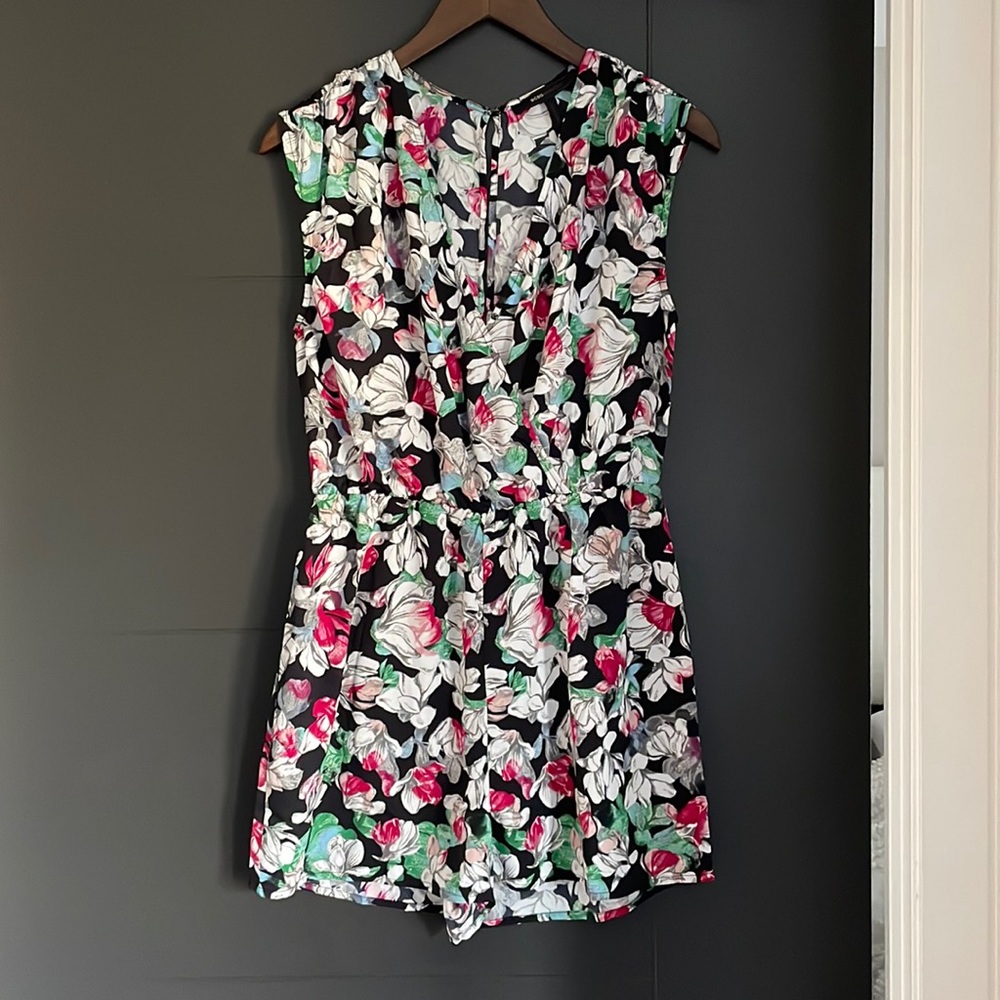 BCBG black floral cap sleeve romper - New with tags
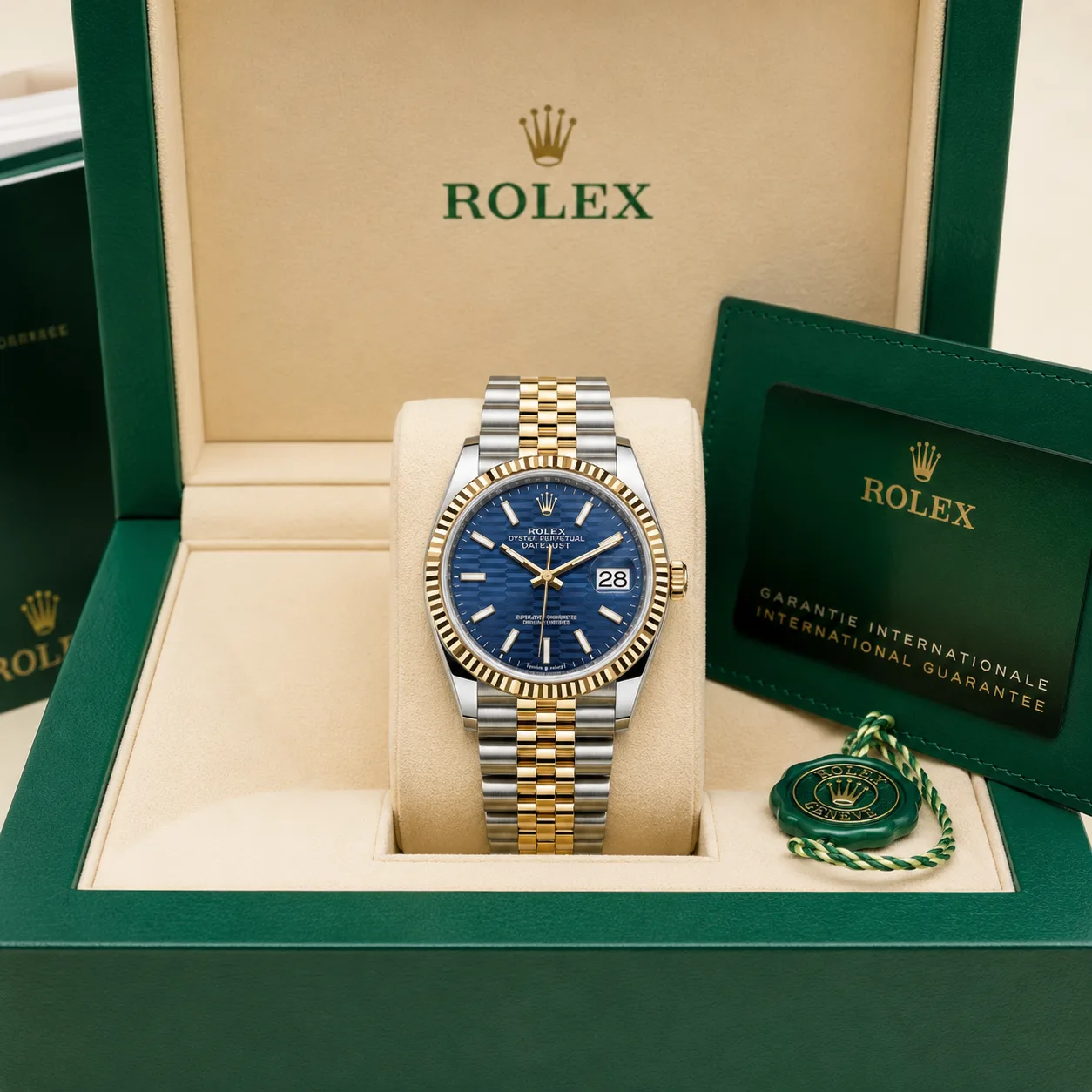 Rolex Datejust M126233-0039 36mm Calibre 3235 Blue / Fluted Bezel 904L Stainless Steel and 18K Yellow Gold AI 头图 5 - 包装盒 [ai-shot:box-shot]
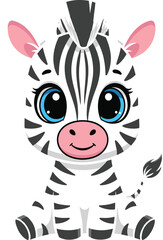 Cute cartoon baby zebra with blue eyes, pink snout, sitting pose, smiling face vector for children, nursery, animal and education design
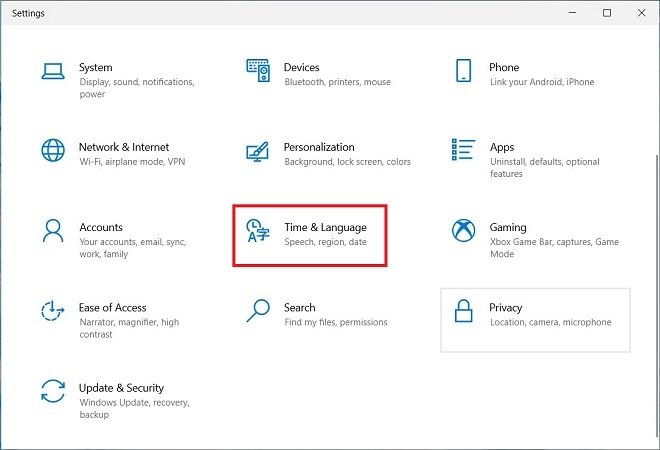 Open the system’s regional settings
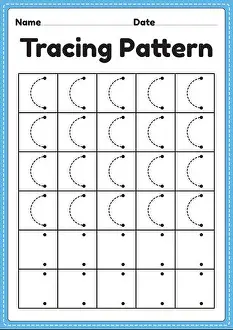 Home School Prints: Tracing pattern left curve lines worksheet for kindergarten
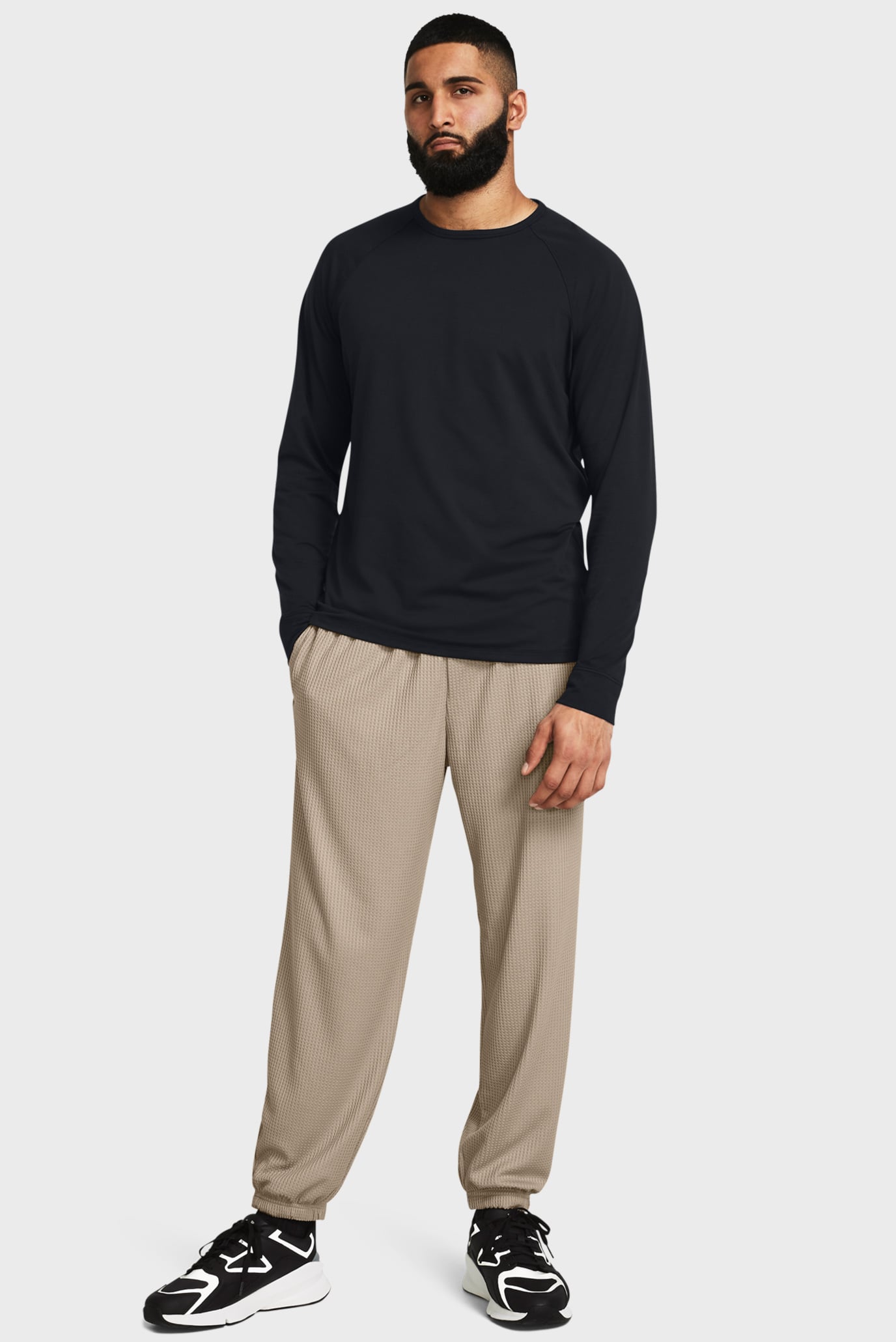 Мужские бежевые спортивные брюки UA Rival Waffle Jogger 3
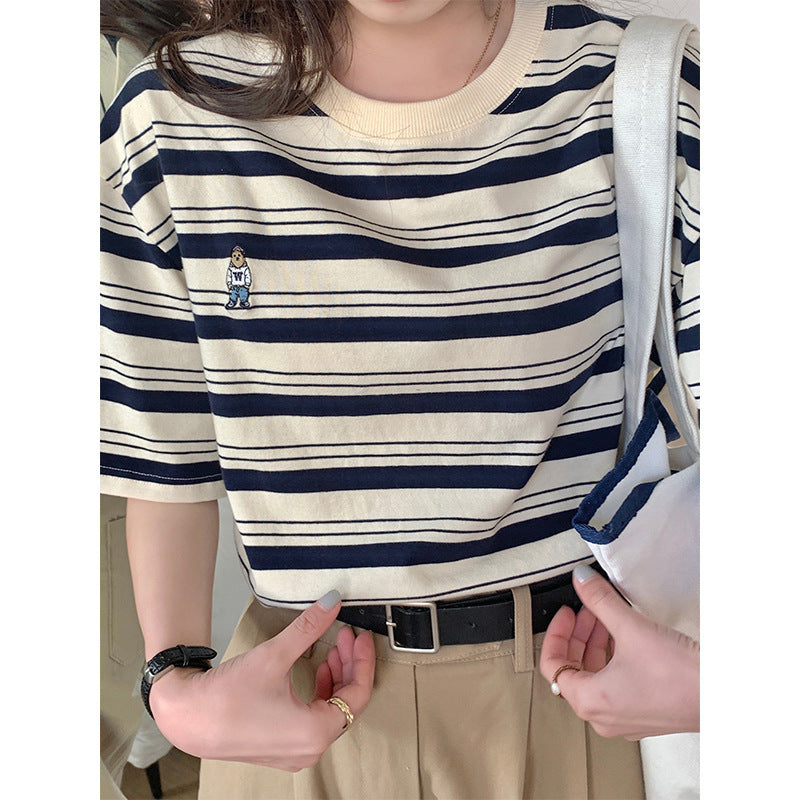 Jane – T-shirt Vintage à Rayures Courtes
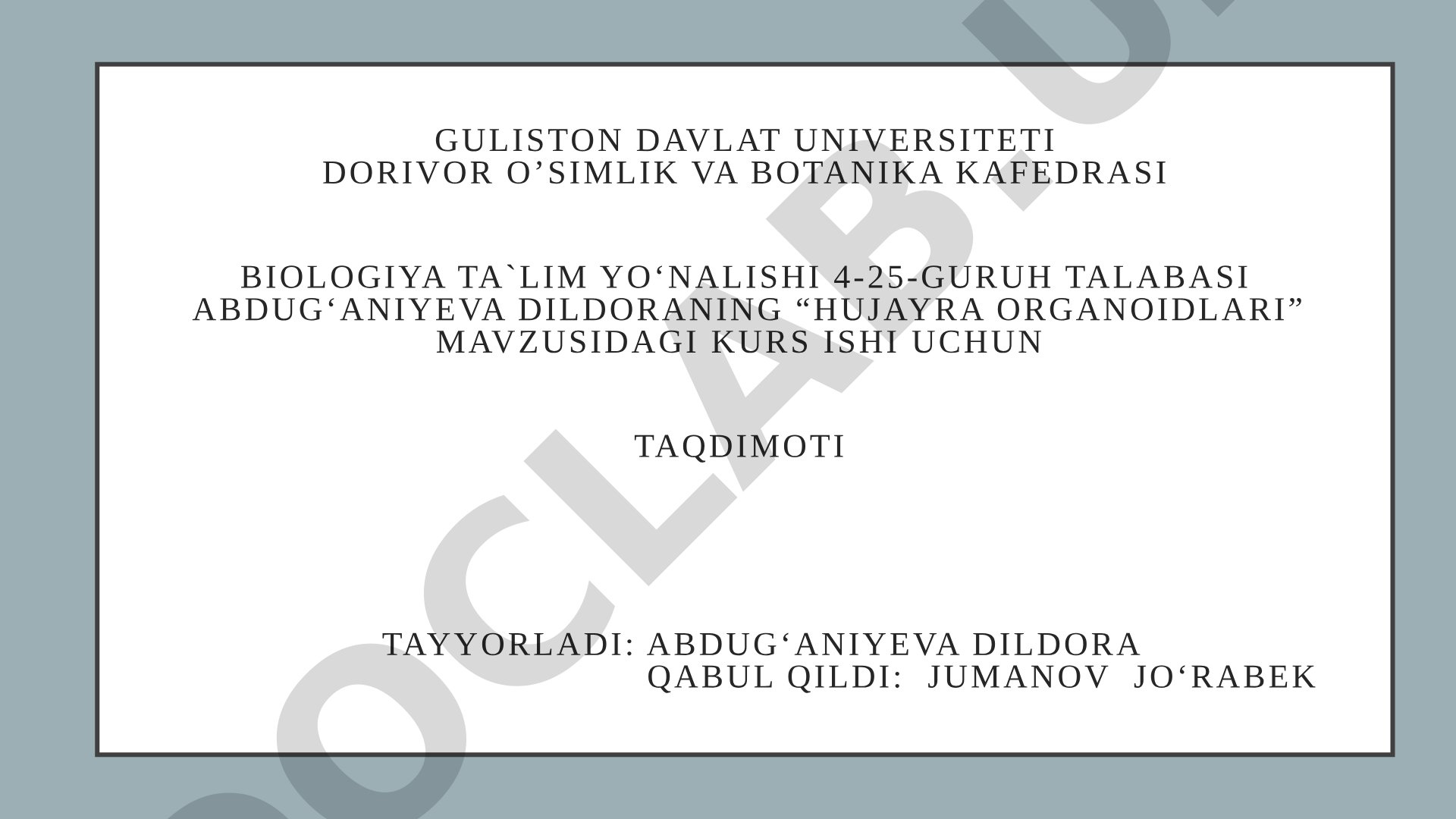O'simlik hujayrasi organoidlarining tuzilishi, turlari va vazifalari haqida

-*-*-

Type out each line of the records above exactly, skipping any pictures.

 BCBG black floral cap sleeve romper - New with tags
 Rolex Datejust M126233-0039 36mm Calibre 3235 Blue / Fluted Bezel 904L Stainless Steel and 18K Yellow Gold AI 头图 5 - 包装盒 [ai-shot:box-shot]
 Cute cartoon baby zebra with blue eyes, pink snout, sitting pose, smiling face vector for children, nursery, animal and education design
 Open the system’s regional settings
 Home School Prints: Tracing pattern left curve lines worksheet for kindergarten
 Мужские бежевые спортивные брюки UA Rival Waffle Jogger 3
 Jane – T-shirt Vintage à Rayures Courtes
O'simlik hujayrasi organoidlarining tuzilishi, turlari va vazifalari haqida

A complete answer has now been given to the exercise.